2. Intelligent Human Routing
When escalation is needed, VIA doesn't just route to the next available agent. It considers expertise, workload, employee well-being, past performance with similar issues, and even time of day to find the optimal human match.
3. Continuous Learning Loop
Every interaction becomes a learning opportunity. Successful resolutions are analyzed and integrated back into the system, improving both AI responses and human agent preparation for future similar scenarios.
Product Architecture
We built VIA using modern agentic frameworks, specifically LangChain and LangGraph, to create a system where intelligent agents can collaborate seamlessly while maintaining clear separation of concerns.
The system architecture follows a microservices approach where each agent operates independently but can communicate through a central orchestration layer. This design allows us to upgrade individual agents without affecting the entire system.
The Four Core Agents
VIA's intelligence comes from the coordination of four specialized agents, each with a specific role in the human-AI collaboration pipeline:

Frustration Agent
The Frustration Agent acts as our early warning system, continuously monitoring user inputs for signs of mounting frustration or dissatisfaction.
Quality Agent
Before any chatbot response reaches the user, the Quality Agent evaluates its adequacy and potential impact.
Routing Agent
When human intervention is required, the Routing Agent performs the critical task of selecting the optimal human agent.
- Current workload and availability
- Historical performance with similar issues
- Employee wellbeing and stress levels
- User frustration level and urgency
- Time zone and language preferences
- Recent feedback and success rates
Context Manager Agent
The Context Manager ensures that both AI agents and human representatives have access to all relevant information for each interaction.
Agent Demo
Below are screenshots from our demo showing the agents in action.
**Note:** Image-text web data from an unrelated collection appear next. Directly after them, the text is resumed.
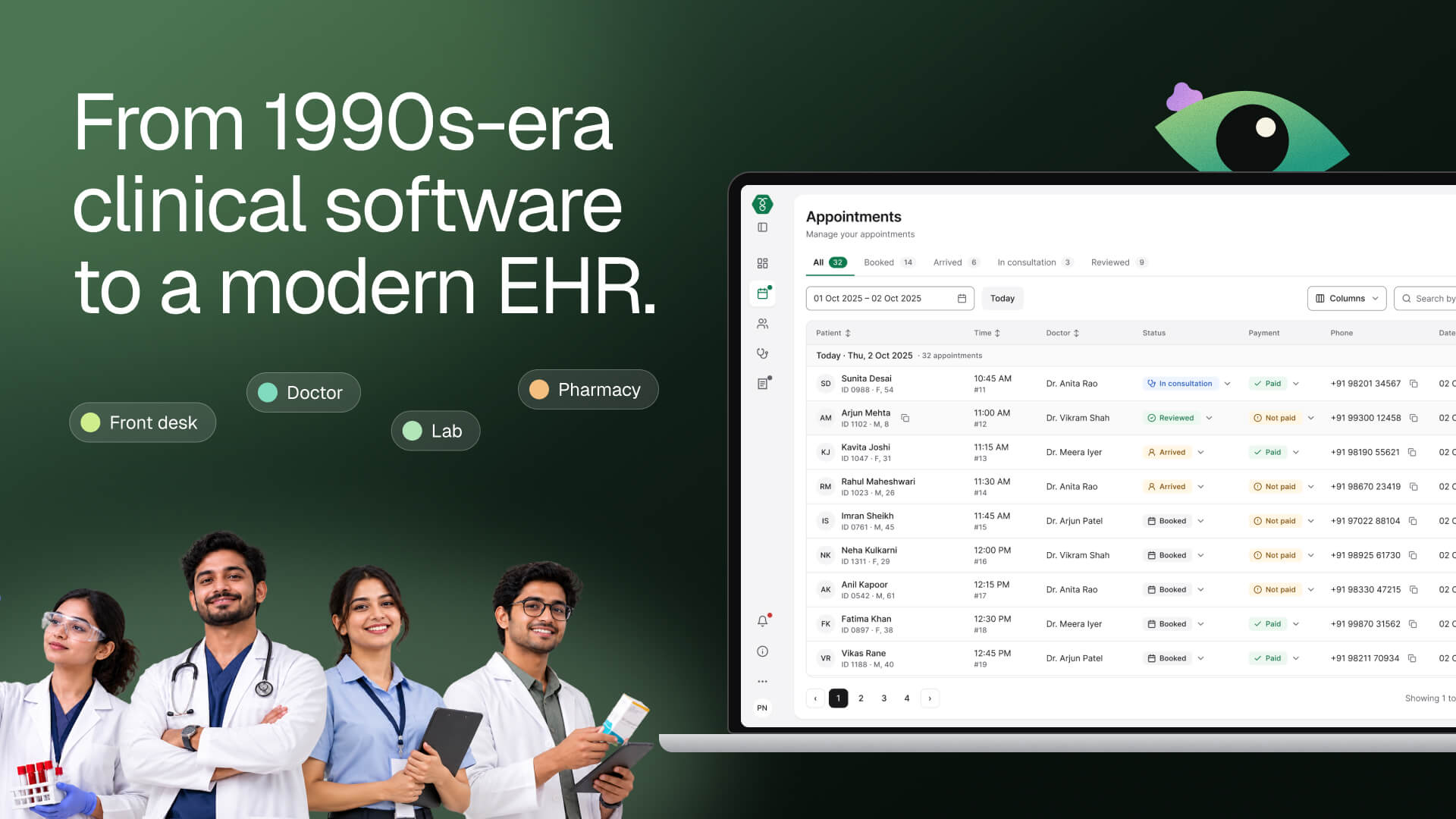 From 1990s-era clinical software to a modern EHR.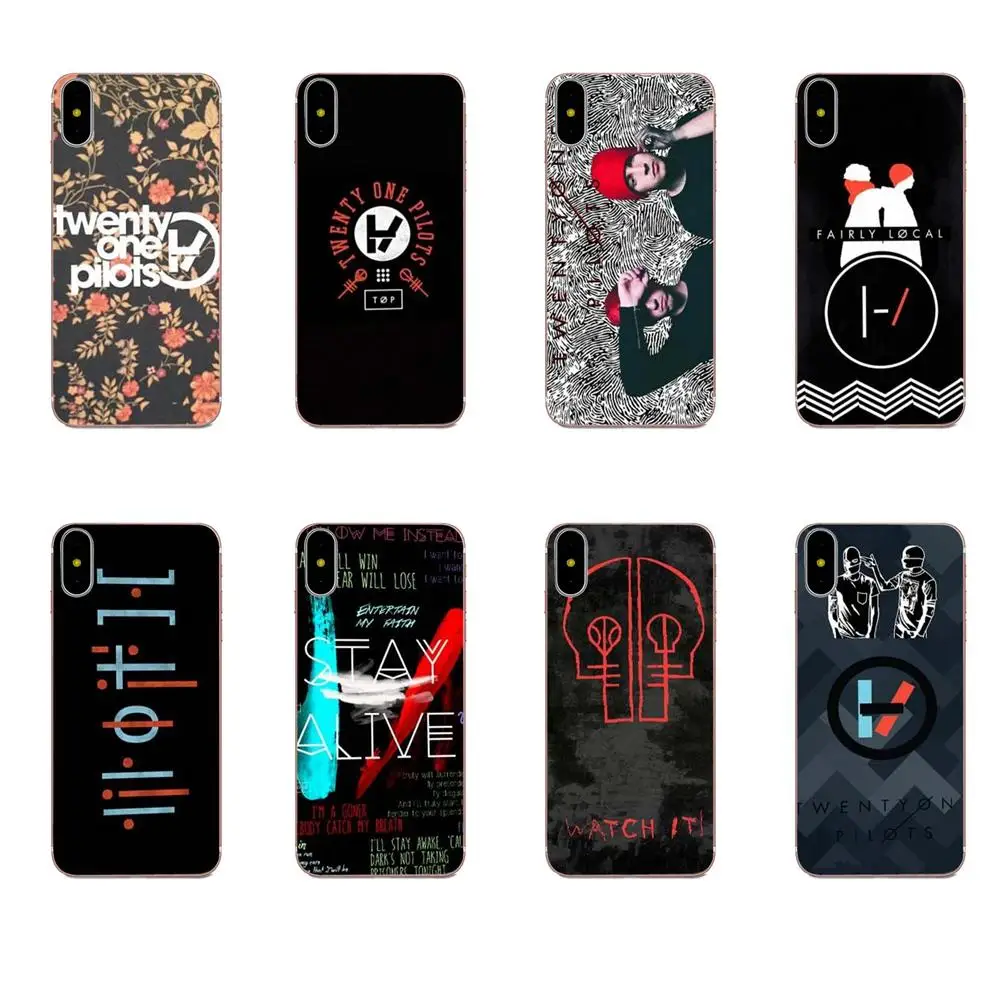 Мягкий ТПУ чехол Аксессуары Twenty One 21 Pilots для Xiaomi Note 3 4 Mi3 Mi4 Mi4C Mi4i Mi5 Mi 5S 5X6 6X A1 Max Mix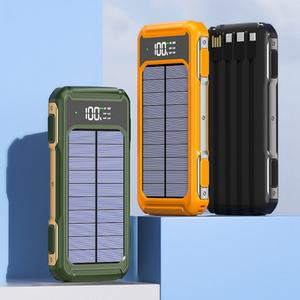 Batterie Externe Solaire Portable Originale 2A avec Câble, Chargeur Universel Grande Capacité 20000mAh pour Téléphone Mobile – Vente en Gros - Product Image 4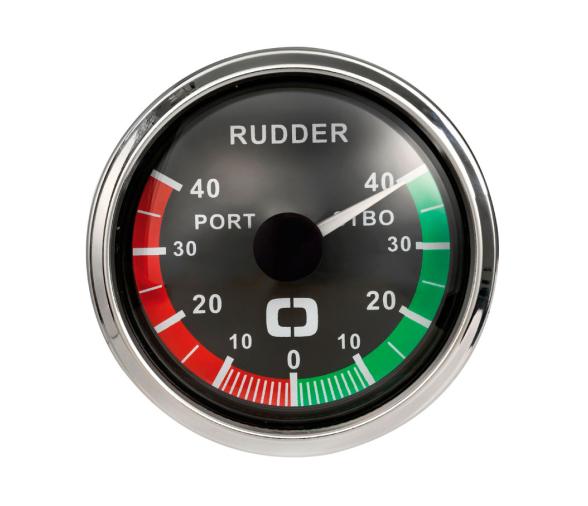 Osculati Indicador de Ángulo de Timón Negro/Brillante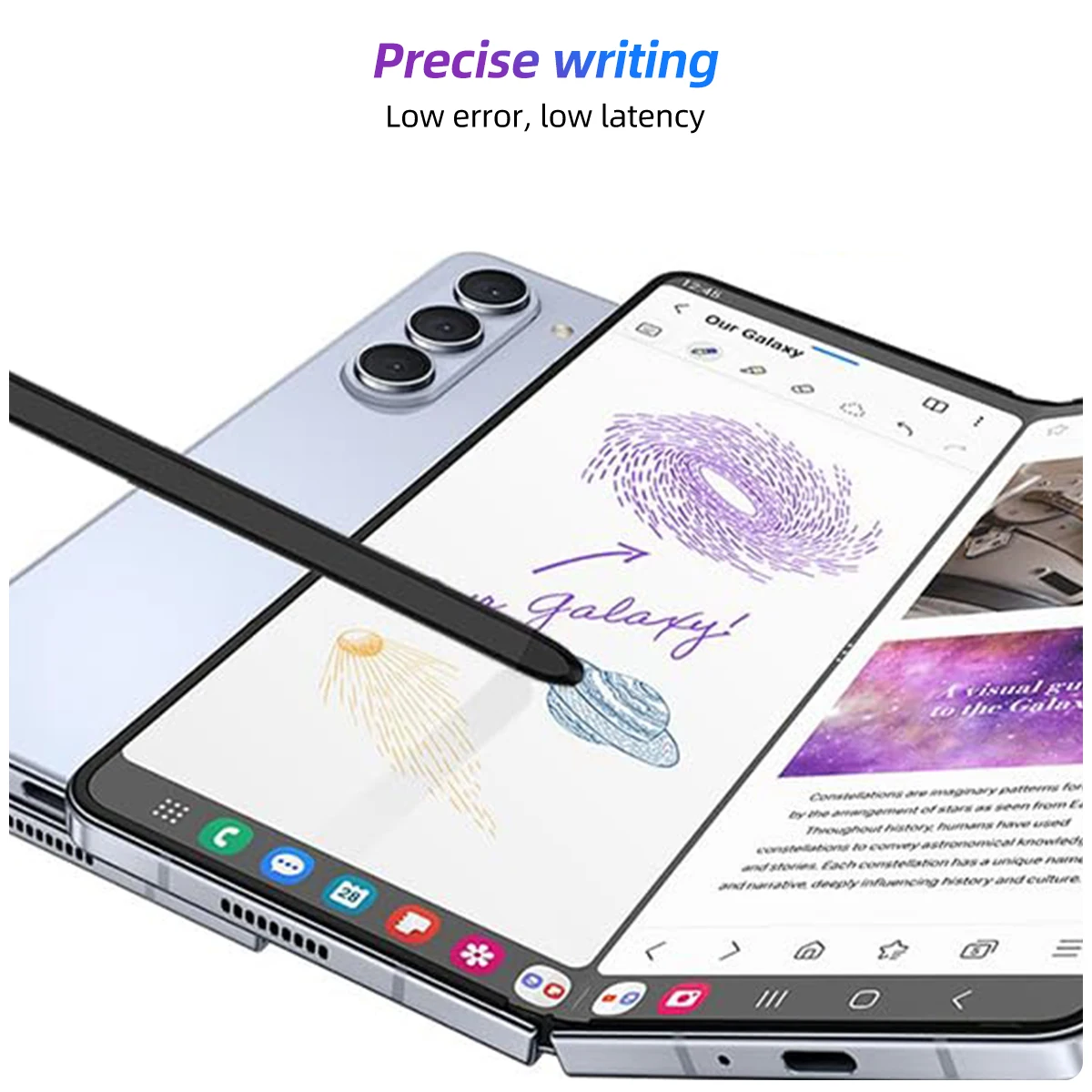 Enhanced Stylus Pen Fold Edition with Integrated Pen Slot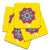 Indigifts Illustration of Boho-Hippie Floral Mandala Print Yellow Coasters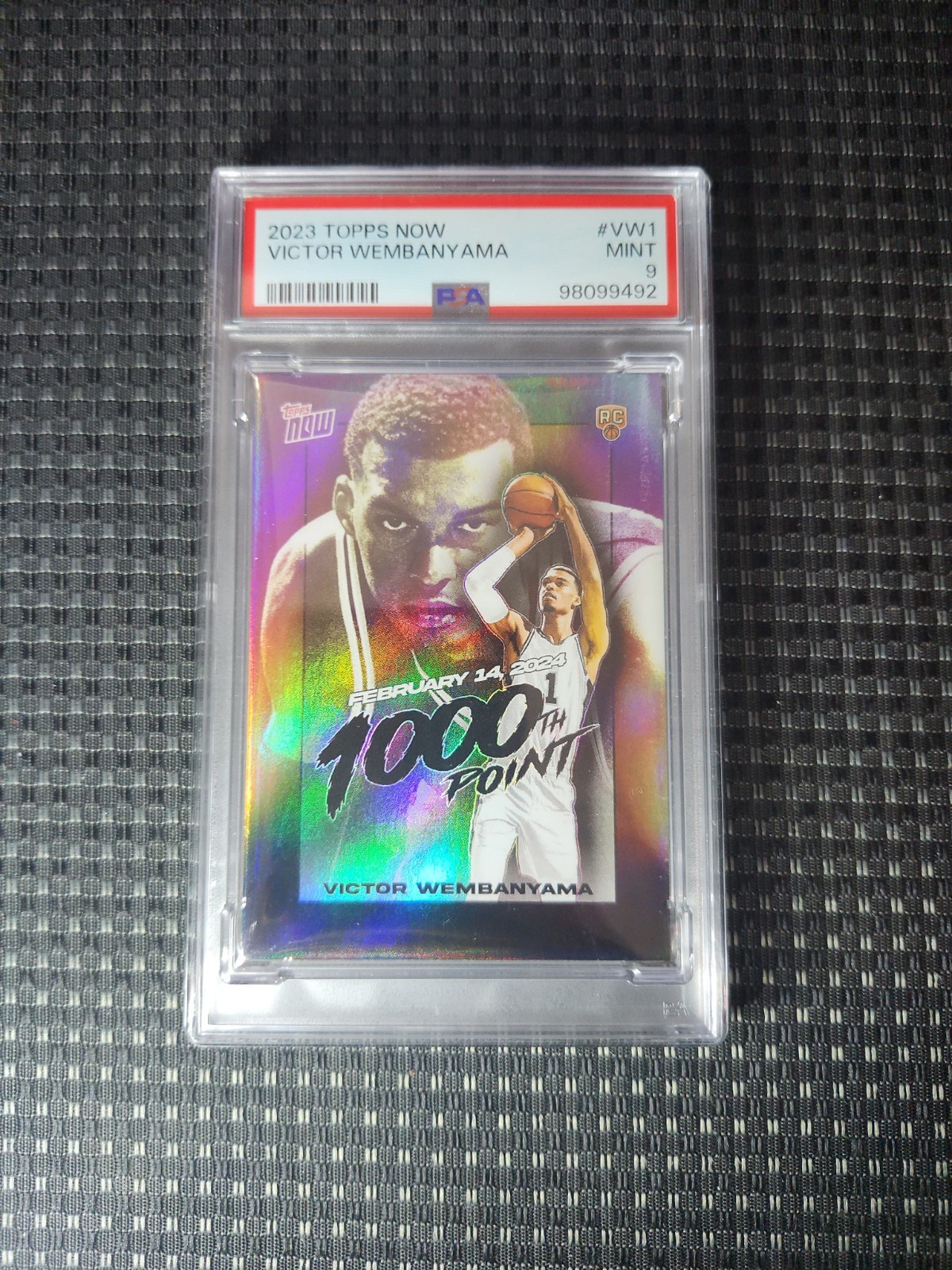 2023 Topps Now Victor Wembanyama RC #VW-1 PSA 9 view 2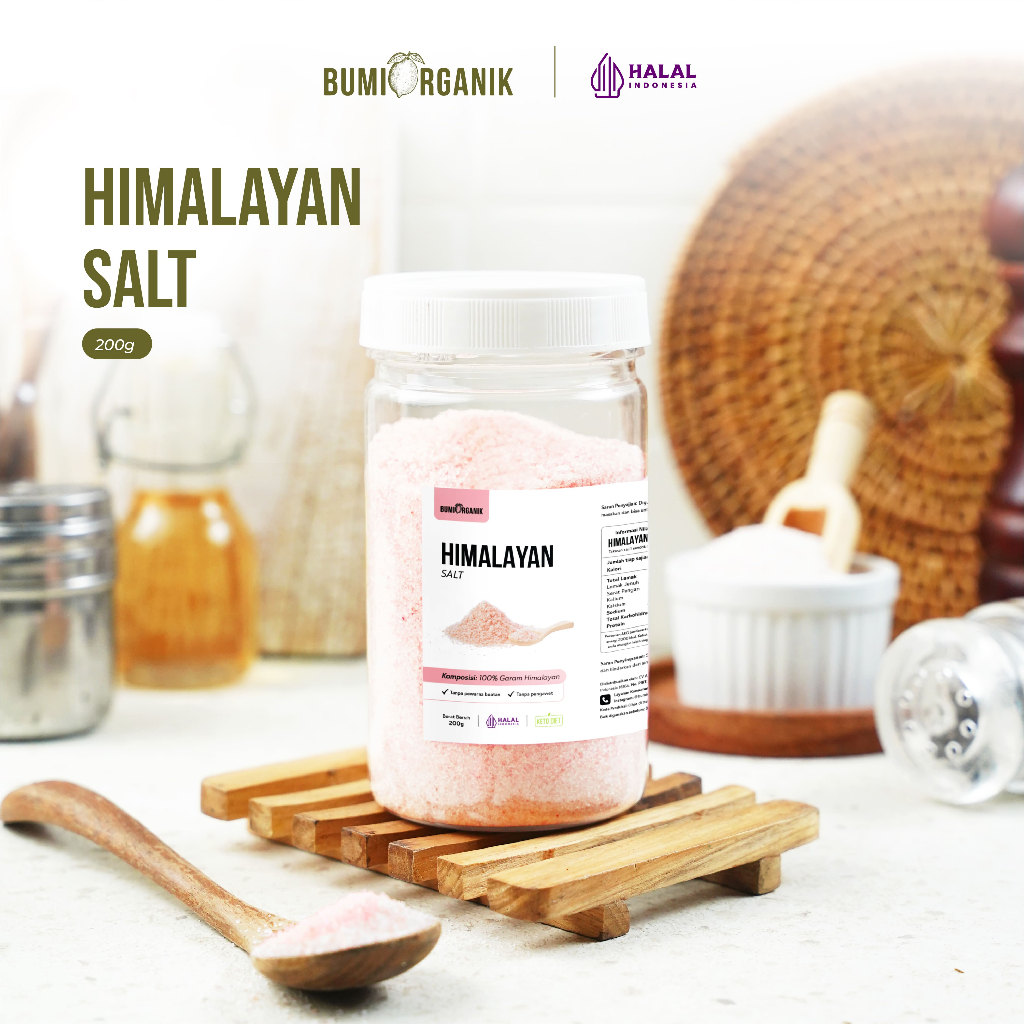 

GARAM HIMALAYA ORIGINAL 200G BUMI ORGANIK / GARAM HIMALAYA ORIGINAL PREMIUM / HIMALAYA SALT ORGANIC / HIMALAYAN PINK SALT / GARAM HIMALAYA ASLI / GARAM HIMALAYA HALUS / GARAM HIMALAYA MPASI / NUTRILOGY OFFICIAL BEORGANIK NUTRIFARM DARI BUMI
I created a simple Gradio app and hosted it on Hugging Face Spaces: VIA Agent Demo.


Demo Walkthrough
Let's walk through how each component of VIA works in practice, using screenshots from our technical demo.

Chat Window
Our concept is that this design can improve any chatbot, including pre-existing ones, and for this prototype we had Gemini pretend to be an Insurance Company support chatbot.

Frustration Analysis
This agent reviews the user input before it reaches the chatbot, looking for signs of frustration, which in this case was ALL CAPS, as you can see above in the chat window.
Gemini scores the frustration on a scale of 1 to 10, and if the threshold is exceeded (we use 7 in the config .yaml file), then escalation occurs.
Frustration score: 8.0/10 - Escalation triggered

Quality Analysis
The Quality Agent in a similar manner intercepts and reviews the chatbot's output back to the user, with Gemini rating it on various factors.
In this case, there is no quality analysis because the frustration agent escalated and pre-empted any response from the chatbot.

Context Management
The Context Manager is one of the keys to our system, but needs a lot of work. It currently relies on multiple SQL queries and is not very fast or efficient.
When complete, though, it will deliver relevant information to the other AI agents and to the human agents in addition to integrating key human insights back into the system in a continuous loop.
- User interaction history
- Similar resolved cases
- Product knowledge integration


Intelligent Human Routing
When escalation is needed, the Routing Agent analyzes available human agents and selects the optimal match. This is another key feature to our system, and again, one that needs a lot of work.
In this demo example, agent Sarah Chen was selected based upon various factors that the model scored and any other context provided.
She has 5/5 experience and "escalations" are one of her areas of expertise, so she gets selected a lot in the demo for frustation escalations. This is something that needs be better modeled to balance the workload.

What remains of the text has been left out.